Monday, July 31, 2006

The House That Trane Built

The House That Trane Built: the Story of Impulse Records
By Ashley Kahn
W.W. Norton

Art and commerce are typically presumed to be in opposition. Yet for a music label, publishing house, or film studio to be successful, artists and business people have to collaborate. That is exactly what happened at a very high level for fifteen years during Impulse Records’ heyday, as Ashley Kahn chronicles in The House That Trane Built.

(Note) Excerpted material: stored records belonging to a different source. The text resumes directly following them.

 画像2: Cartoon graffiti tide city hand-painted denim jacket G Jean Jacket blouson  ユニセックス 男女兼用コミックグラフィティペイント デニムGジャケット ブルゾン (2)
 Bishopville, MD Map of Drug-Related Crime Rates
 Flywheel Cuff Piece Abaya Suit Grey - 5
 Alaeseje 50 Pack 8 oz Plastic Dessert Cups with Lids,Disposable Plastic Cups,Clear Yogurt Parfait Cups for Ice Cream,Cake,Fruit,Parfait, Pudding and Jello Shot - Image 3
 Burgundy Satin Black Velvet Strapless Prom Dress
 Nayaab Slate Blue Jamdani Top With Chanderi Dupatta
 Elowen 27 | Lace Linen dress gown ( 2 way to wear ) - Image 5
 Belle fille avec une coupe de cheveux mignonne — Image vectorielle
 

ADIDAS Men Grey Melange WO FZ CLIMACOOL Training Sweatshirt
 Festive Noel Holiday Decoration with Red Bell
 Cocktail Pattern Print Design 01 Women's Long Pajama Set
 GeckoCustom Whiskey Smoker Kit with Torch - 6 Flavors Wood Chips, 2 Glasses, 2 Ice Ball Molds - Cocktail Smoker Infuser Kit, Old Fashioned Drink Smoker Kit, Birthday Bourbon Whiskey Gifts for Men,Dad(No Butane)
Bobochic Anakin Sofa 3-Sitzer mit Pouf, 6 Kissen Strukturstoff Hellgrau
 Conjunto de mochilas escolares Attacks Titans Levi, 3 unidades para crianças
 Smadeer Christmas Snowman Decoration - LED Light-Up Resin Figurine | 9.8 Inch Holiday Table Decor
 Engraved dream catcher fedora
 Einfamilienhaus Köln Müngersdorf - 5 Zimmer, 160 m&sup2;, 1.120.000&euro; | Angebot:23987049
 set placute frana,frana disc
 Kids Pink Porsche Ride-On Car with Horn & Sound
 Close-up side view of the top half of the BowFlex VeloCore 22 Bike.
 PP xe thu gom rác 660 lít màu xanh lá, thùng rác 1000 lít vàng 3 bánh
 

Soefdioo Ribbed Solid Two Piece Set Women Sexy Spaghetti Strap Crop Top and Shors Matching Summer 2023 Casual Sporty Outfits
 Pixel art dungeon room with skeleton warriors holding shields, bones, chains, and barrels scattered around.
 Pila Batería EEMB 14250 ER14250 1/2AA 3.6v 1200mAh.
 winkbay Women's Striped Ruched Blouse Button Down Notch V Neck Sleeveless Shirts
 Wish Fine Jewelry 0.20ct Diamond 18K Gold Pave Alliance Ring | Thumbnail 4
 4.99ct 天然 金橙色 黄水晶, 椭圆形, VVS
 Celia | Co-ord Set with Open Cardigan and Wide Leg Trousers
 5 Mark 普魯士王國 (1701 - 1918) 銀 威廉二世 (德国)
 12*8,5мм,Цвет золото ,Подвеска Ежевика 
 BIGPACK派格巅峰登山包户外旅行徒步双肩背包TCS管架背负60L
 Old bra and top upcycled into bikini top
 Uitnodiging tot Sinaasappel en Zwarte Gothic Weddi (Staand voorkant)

Known for its distinctive orange and black gatefold covers and its exclamation point logo, "Impulse!" became a favorite label of jazz collectors. While John Coltrane was undoubtedly its signature artists, the foundation was laid by another legend, Ray Charles.

As Coltrane is credited with building Impulse, Ray Charles is credited with establishing its parent company ABC-Paramount, where he had crafted a legendary deal allowing him complete artistic autonomy. However, given his pride in his jazz roots, Charles was more than amenable to launching ABC’s jazz imprint. As Kahn quotes Charles: “But with jazz—oh yes—with jazz you got to compose as you go . . . I suppose that’s why I’m always proud I can play jazz and why it isn’t any accident that I’ve always wanted to make jazz records and have a true-to-life jazz band.” (p. 36)

Charles cut Impulse’s first LP Genius + Soul = Jazz, which yielded one of the labels only two nationally charting singles, “One Mint Julep.” (Later Milt Jackson would record two versions of the tune on his under-rated Impulse album Memphis Jackson). Despite the critically role he played in establishing impulse, Charles would modestly demur: “I’m not gonna blow no horns man. That’s nice if they want to think that way.”

Kahn reports: “a $10,000 advance for the first year, with two-year options that rose to $20,000 annually thereafter,” were the terms that secured Impulse’s first exclusive signing, John Coltrane (p. 48). It proved to be a wise investment.

The man who signed Coltrane, Creed Taylor, produced one album with him, Africa/Brass, after which he was recruited by Verve records. Much of the book is devoted to the close working relationship between Trane, and Taylor’s successor, Bob Thiele, a swing aficionado whose ears were about to be stretched by Coltrane. According to Thiele:

“I don’t think I was at Impulse more than a week when we decided to record Coltrane live at the village Vanguard . . . That first night, as I recall, I was pretty shook up; I was confused. But by staying involved, the music began to make sense to me.” (p. 66)

As Coltrane would continue to evolve with the avant-garde movement, he would champion younger players, like Archie Shepp and Albert Ayler. Impulse became the only major label to record the free jazz movement in a commercially viable way. Often it involved highlighting Coltrane’s influence, as was the case with Shepp’s debut, Four for Trane. As Shepp explains: “Bob Thiele made the stipulation that all the songs had to be written by John. I had to use Trane’s music.” (p. 120)

With Coltrane successfully shoehorning avant-garde artists, many adopted by the Black Power movement, onto Impulse, the label developed a more militant reputation. None would be more strident than Charlie Haden, whose one-off LP Liberation Music Orchestra, featured Communist ballads from the Spanish Civil War and originals like “Song for Che.” Yet as arranger Carla Bley recalls: “none of the guys in the band shared Charlie’s viewpoints. It was just a gig.” (p. 202)

Kahn convincingly argues Impulse was a unique label, a subsidiary of a major, that acted like an indy. House is an appealing book as a physical object as well, produced with bold typography, photos and sidebars. He intersperses the text with profiles of many specific LPS, some famed like A Love Supreme, others overlooked like Howard Roberts’ Antelope Freeway.

The LP discography is generally good, but one would have liked to have seen original 45’s, those not contained within albums, included as well. (For instance, Larry Frazier, presumably the guitarist who worked with Jimmy McGriff recorded 45-205 “Before Six” & “After Six” and then was dropped from the label. One wonders what the story was behind his short tenure.)

Like Blue Note LPs featuring Reid Miles designs and Francis Wolff’s photography, Impulse records, with their bold black and orange, and striking photography by the likes of Pete Turner and Chuck Stewart became sought after collector items. Like classic Blue Notes, the music inside the Impulse grooves was as strong as their packaging. Kahn recounts the Impulse story from both the commercial and artistic perspective, showing even-handed respect for those involved on each side of the business.